* **Exercise data**
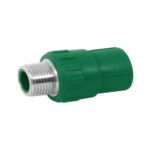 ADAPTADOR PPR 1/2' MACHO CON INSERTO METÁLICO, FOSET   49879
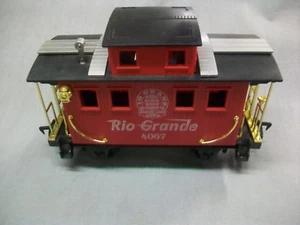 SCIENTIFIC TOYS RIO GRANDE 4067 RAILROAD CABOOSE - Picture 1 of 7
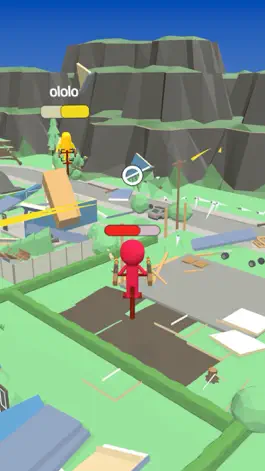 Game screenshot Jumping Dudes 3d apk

* **Task requirements**
Repeat, exactly and in full, all the material above except its pictures.

* **Written answer**
 ADAPTADOR PPR 1/2' MACHO CON INSERTO METÁLICO, FOSET   49879
 SCIENTIFIC TOYS RIO GRANDE 4067 RAILROAD CABOOSE - Picture 1 of 7
 Game screenshot Jumping Dudes 3d apk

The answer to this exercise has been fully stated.